Which trees are most common in Ashford gardens?
The five species we grind most often in Ashford are ash, oak, sycamore, horse chestnut, and silver birch. Ash dominates rural plots and field-edge gardens, oak and horse chestnut sit in the older streets around Victoria Park, and silver birch is the default in new-build estates at Repton Park, Park Farm, and Kingsnorth.
Each species behaves differently under the grinder. Ash is moderately hard but grinds cleanly. Oak is the hardest and the most common cause of subsidence claims on the clay soils south of Ashford, so it pays to get oak stumps out properly. Horse chestnut is broad at the base and slow, especially the older specimens in Bybrook and around Victoria Park.
Sycamore is the most common non-native we encounter and grinds quickly. Silver birch is the fastest of the lot — shallow-rooted and soft, often done in under 20 minutes. Cherry and other ornamentals planted in newer estates are usually quick jobs too.

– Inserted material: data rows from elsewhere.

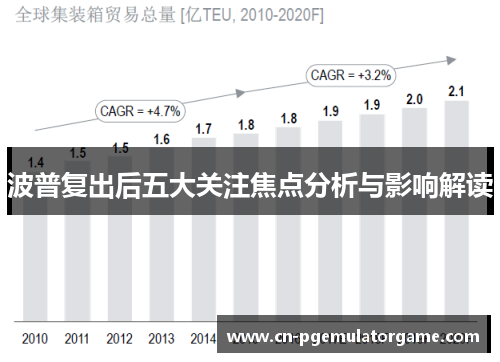波普复出后五大关注焦点分析与影响解读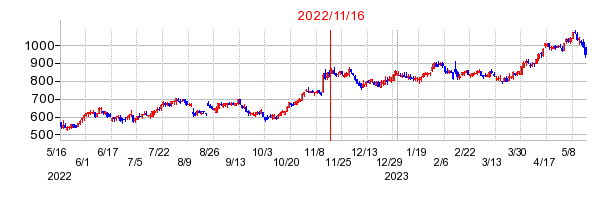 2022年11月16日 15:07前後のの株価チャート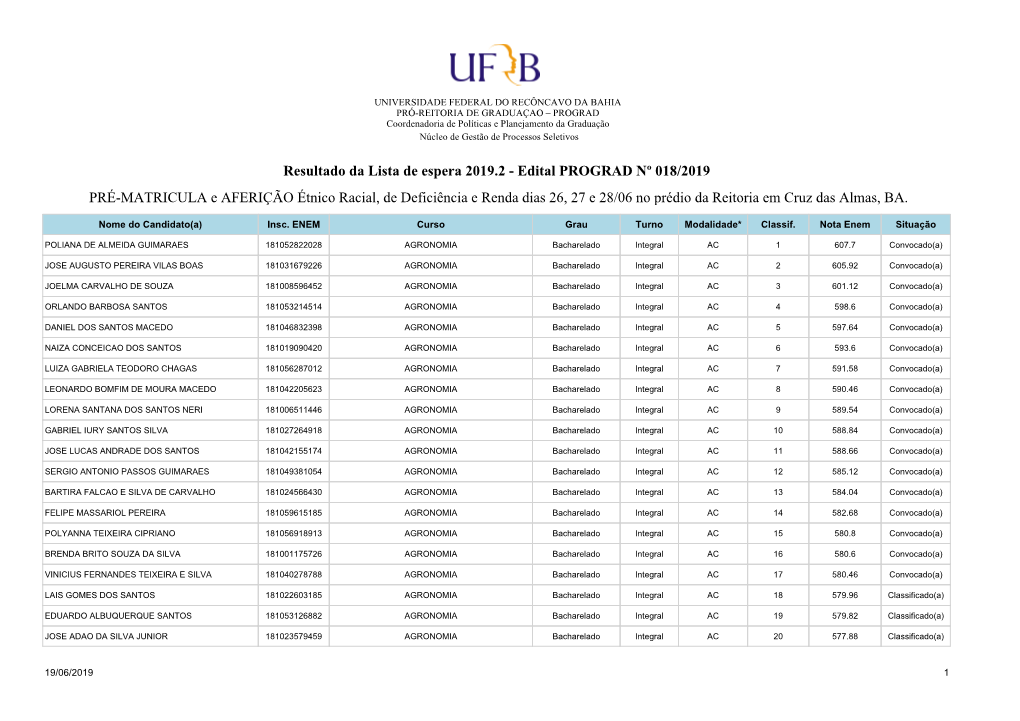 Resultado Lista De Espera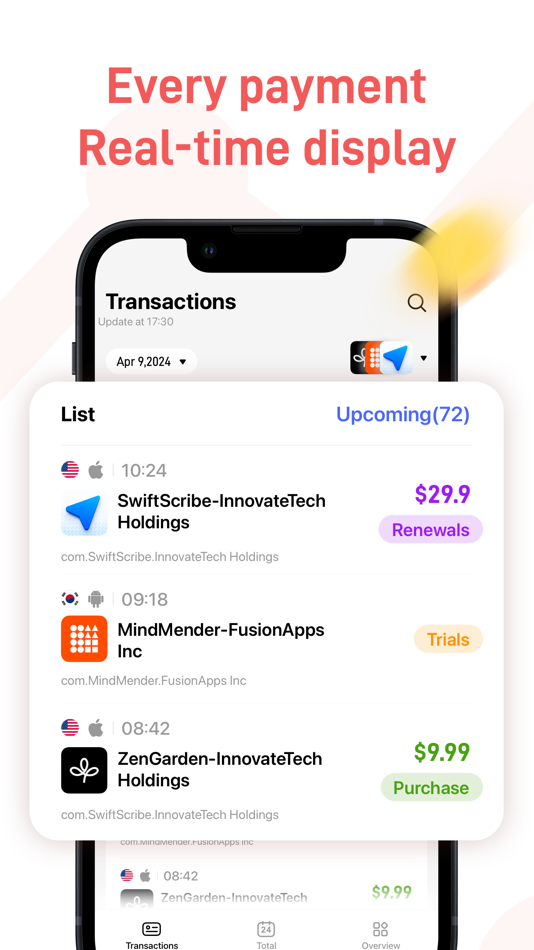 #2. RC report-Revenue Dashboard (iOS) Bởi: Toothyan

Do I need permission to grind a tree stump in Ashford?
For most garden stumps from already-felled trees, you do not need permission. Permission rules apply to living trees, not to the stumps that remain after a tree has lawfully come down. However, Ashford has a number of conservation areas in the town centre and across the older villages, and Tree Preservation Orders cover many mature trees in the borough.
Ashford Borough Council manages the TPO register for Ashford Borough, and the register is publicly searchable. If the original tree was protected by a TPO, the stump may still fall under the order. Inside a conservation area, any work on a tree over 75mm in diameter measured at 1.5m up the trunk requires six weeks written notice to the council before work starts.
There are exemptions for dead or dangerous trees, which only require five working days' notice — important for ash dieback cases where the tree is structurally unsafe. Penalties for unauthorised work on a protected tree can run to an unlimited fine, so a quick check is always worth it. If you are unsure, we will help you confirm the position before we book the job in. You can also request a free quote and we will flag any permission requirements during the assessment. Customers further north can also see our Canterbury stump grinding service, which covers the rest of the CT postcode area.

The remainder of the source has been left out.